··· RECORDED DATA ···

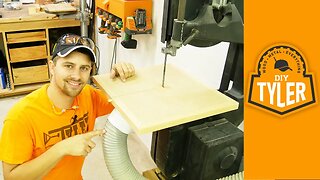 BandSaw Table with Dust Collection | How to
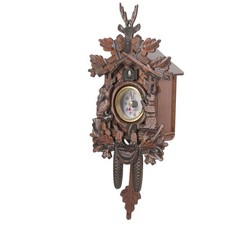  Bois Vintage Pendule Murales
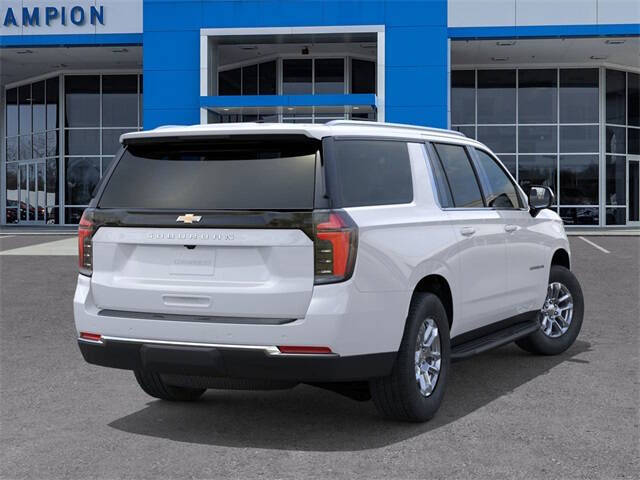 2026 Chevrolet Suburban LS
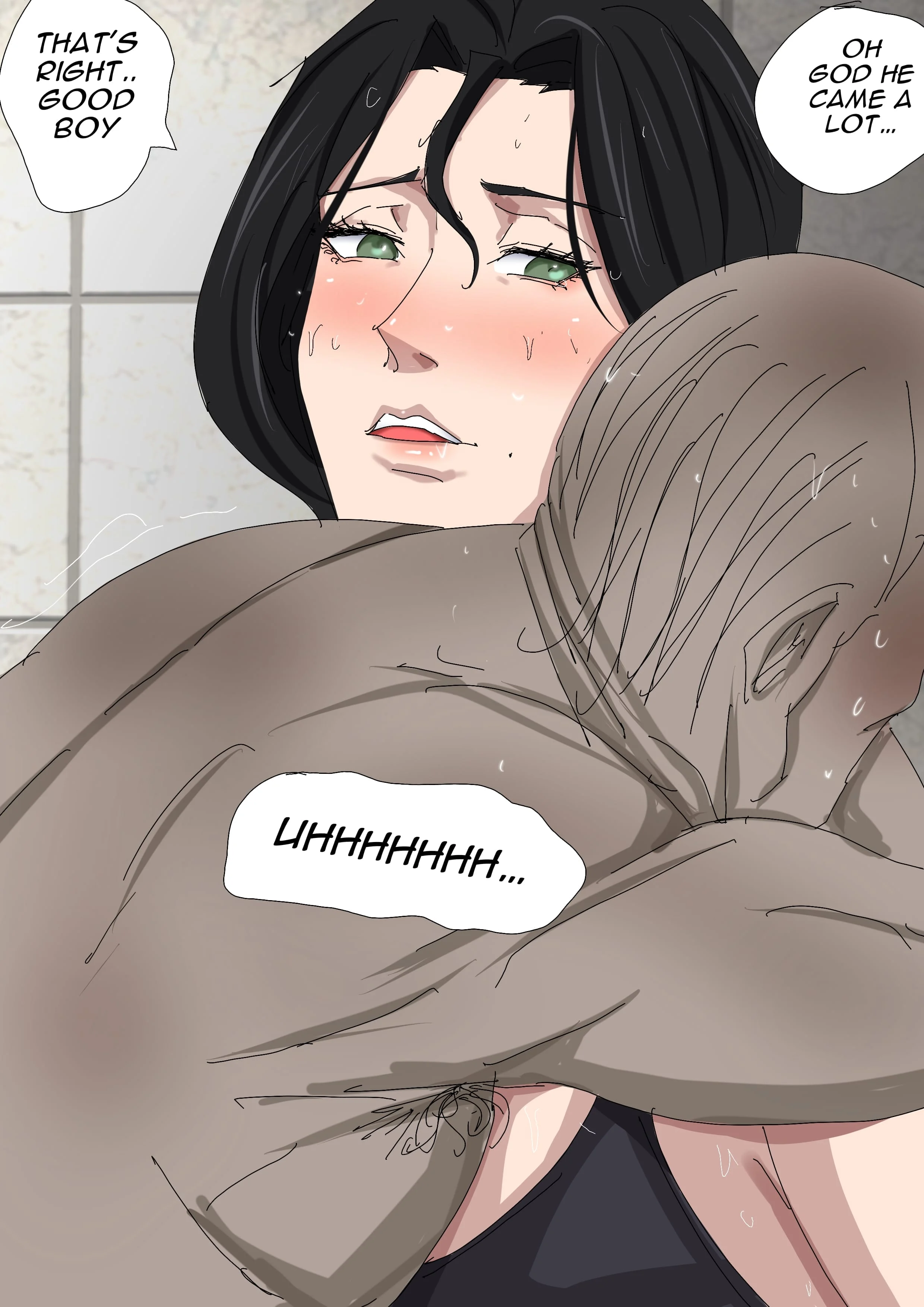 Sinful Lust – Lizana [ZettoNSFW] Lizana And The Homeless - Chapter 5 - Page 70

···
··· RECORDED DATA ···

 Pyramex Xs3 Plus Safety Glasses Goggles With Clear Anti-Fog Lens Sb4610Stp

···

PROBLEM TO WORK ON => Output exactly the lines of the listing above that start with the one holding "BandSaw Table with Dust Collection | How to" and go on through the one holding "Sinful Lust –"; leave the pictures out.

RESPONSE FOR THIS EXERCISE =>
 BandSaw Table with Dust Collection | How to
  Bois Vintage Pendule Murales
 2026 Chevrolet Suburban LS
 Sinful Lust – Lizana [ZettoNSFW] Lizana And The Homeless - Chapter 5 - Page 70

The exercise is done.